Continuação de O Problema das Horas de Funcionamento do Crematório e do Tempo de Incineração - Parte I - por Reinhard K. Buchner
| Reinhard K. Buchner |
Parte II
Apêndice
1. Origem dos Números
dos Crematórios e dos Tempos de Operação dos Crematórios como Listados na
Tabela I.
Aqui,
os dados da Tabela I são justificados. Com “justificativa”, nada mais é indicado
do que uma concordância geral com as afirmações encontradas na teoria do
Holocausto. Nenhuma validação dos dados pode ser derivada de seu uso neste
estudo. Como uma matéria de fato, eu considero os números de crematórios e,
particularmente, seus tempos de operação na Tabela I excessivos. Pessoalmente, eu
nem mesmo estou convencido de que os crematórios IV e V em Auschwitz II
realmente existiram. Mas, mesmo assim, eles foram incluídos no cálculo de
acordo com a teoria do Holocausto.
AUSCHWITZ I
O
número de crematórios em Auschwitz I é aparentemente desconhecido. R. Hilberg5 e G. Reitlinger8
não elaboram o assunto. A apresentação da teoria do Holocausto por L.
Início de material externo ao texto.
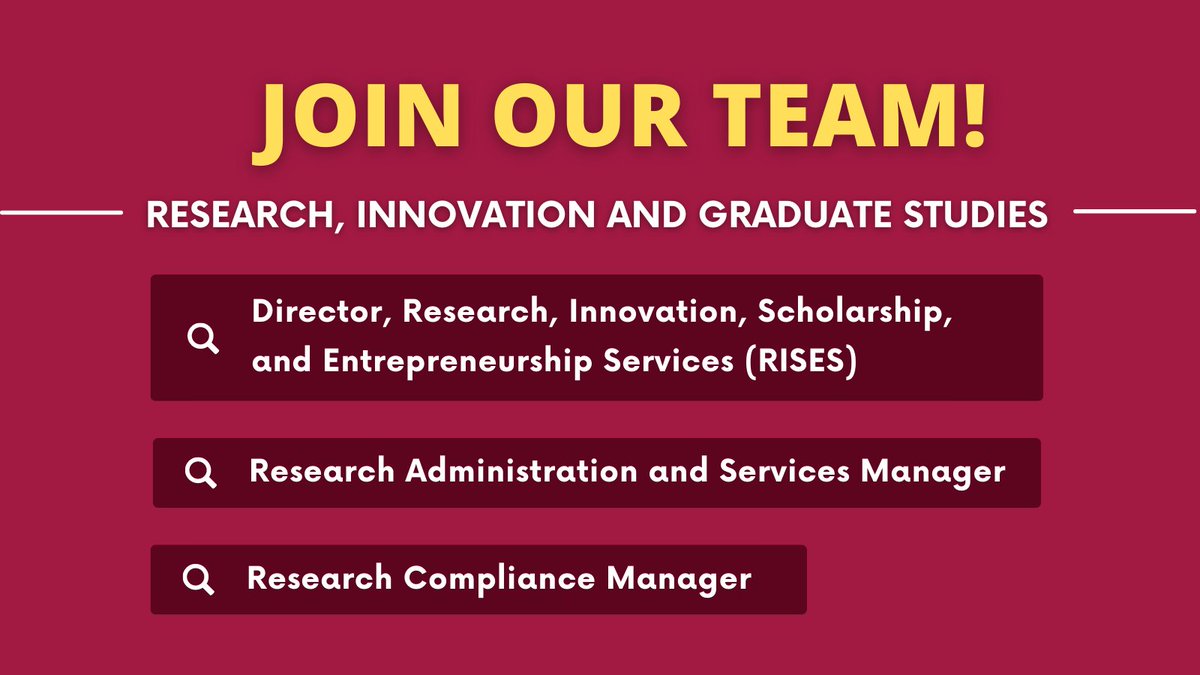 KPUresearch's tweet photo. Our team is growing! We are looking to fill three new administrative positions.

• Director, Research, Innovation, Scholarship, and Entrepreneurship Services
• Research Administration and Services Manager 
• Research Compliance Manager

Apply here: https://t.co/Ftq2GVfJJq https://t.co/MaNggJAJkK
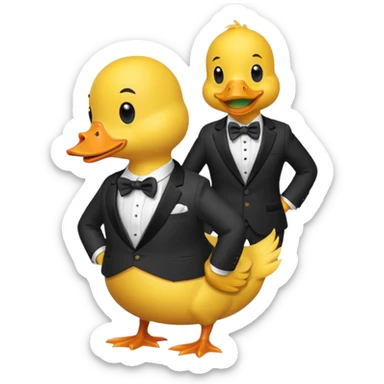 yellow duck dressed as a gentleman, suit and bow tie sticker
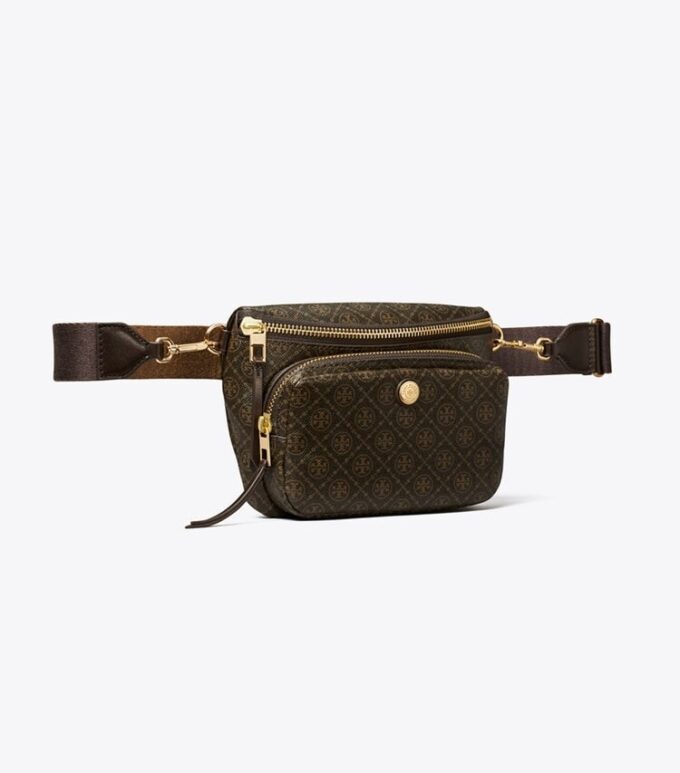 Mini borsa a tracolla in tela rivestita con T Monogram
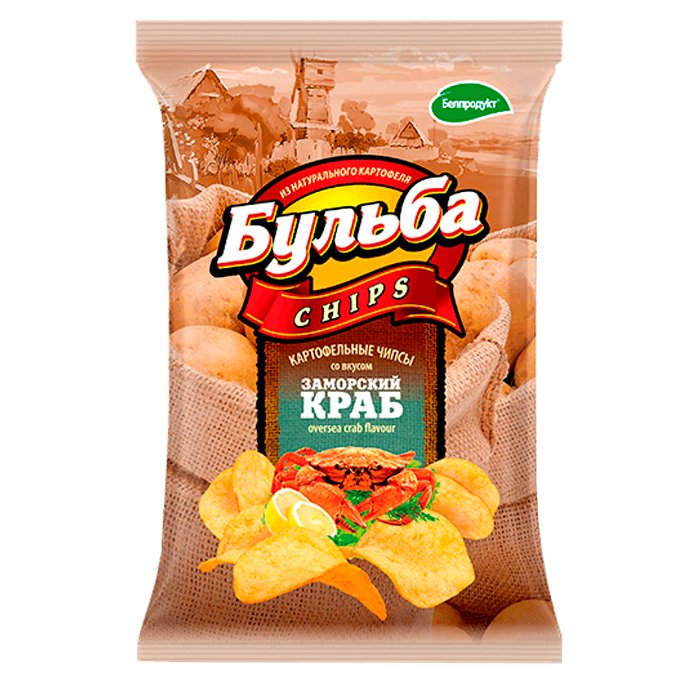 Чипсы из сырого картофеля "Бульба chips" со вкусом заморского краба 75г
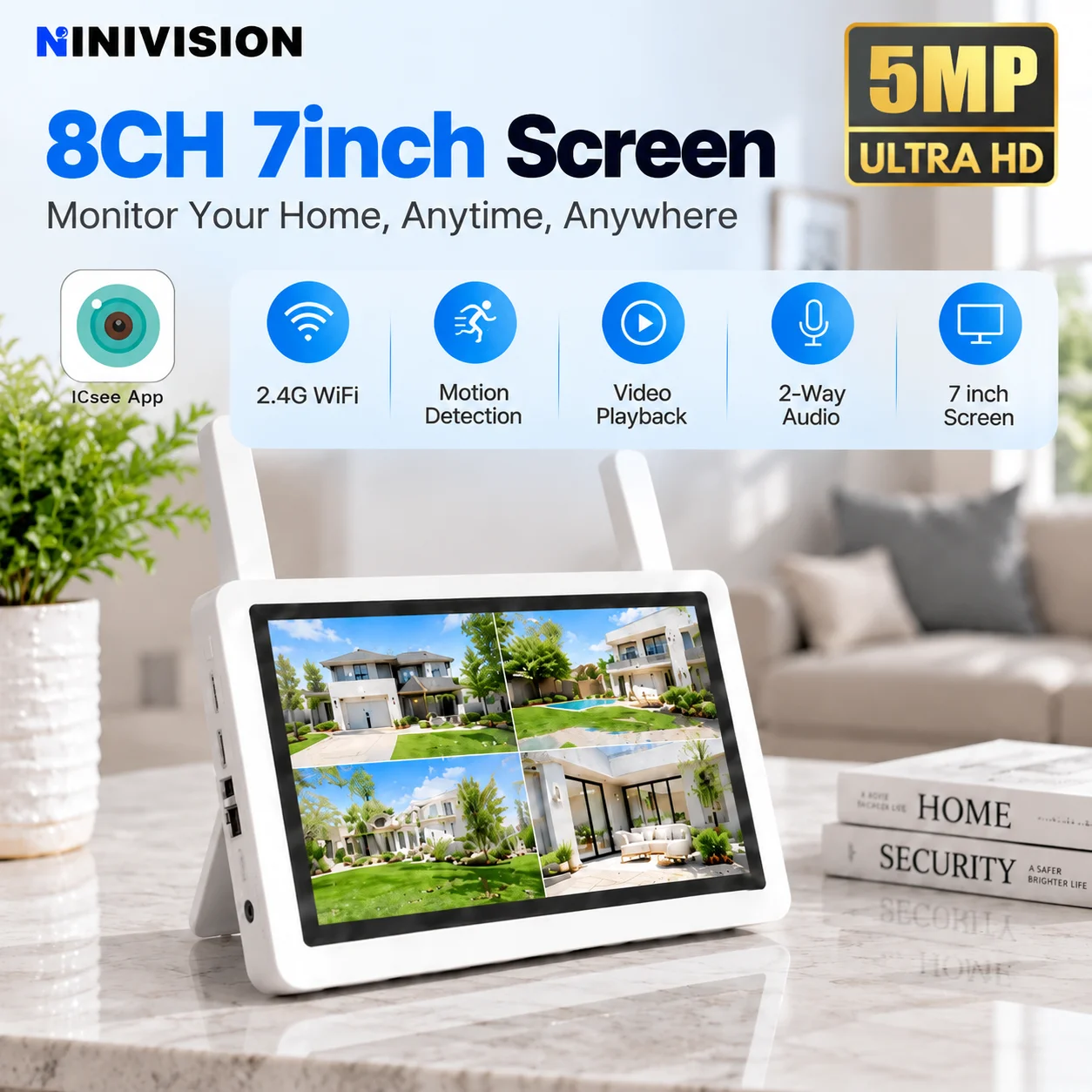 5MP WiFi Security Camera System 8 Channel NVR Kit With  Inch Monitor Screen Wireless CCTV Camera Motion Detection Video Playback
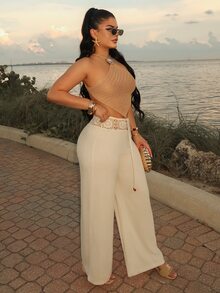Dayanna Comas Women's Solid Color Asymmetric Hem Halter Neck Metal Decor Sleeveless Top - Camel - View 5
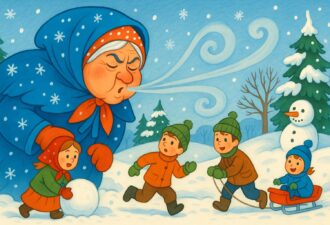 Казкова ілюстрація: велика сердита Баба Зима в синій хустці дме холодним вітром на дітей, які грають на снігу — одна дівчинка катає снігову кулю, двоє хлопчиків біжать і тягнуть санчата з малюком, навколо заметіль, ялинки й сніговик.
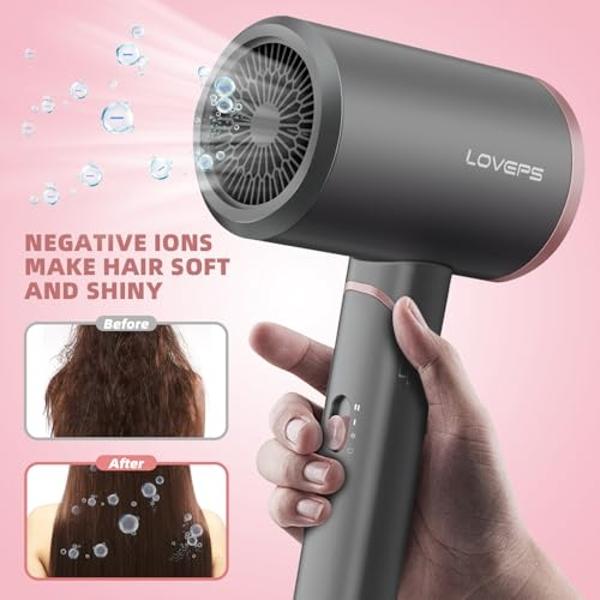 LOVEPS Hair Blow Dryer with Diffuser, 1800W Ionic Blow Dryer, Foldable Handle Travel Hair Dryer, Constant Temperature Hair Care Without Hair Damage, Rose Gold
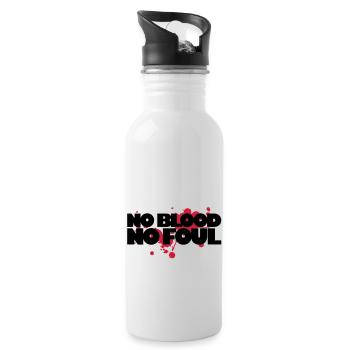 No Blood No Foul - Water bottle with straw - white - Right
Dawidowicz10 não fornece informações tecnológicas
úteis. Ao explicar a “solução final”, a autora simplesmente afirma: “… e
empregou os melhores meios tecnológicos disponíveis” (página xxiii).
A.
R. Butz4 chega à conclusão de que Auschwitz I tinha
4 crematórios, o que é provavelmente correto (página 115). F. Müller9, no entanto, afirma que havia “6
fornos” (página 16). A Tabela I, portanto, lista 6 crematórios. A diferença
entre 4 e 6 crematórios resulta em cerca de 50.000 horas adicionais de
cremação.
O
tempo de operação (dos crematórios) é outro problema em Auschwitz I. G.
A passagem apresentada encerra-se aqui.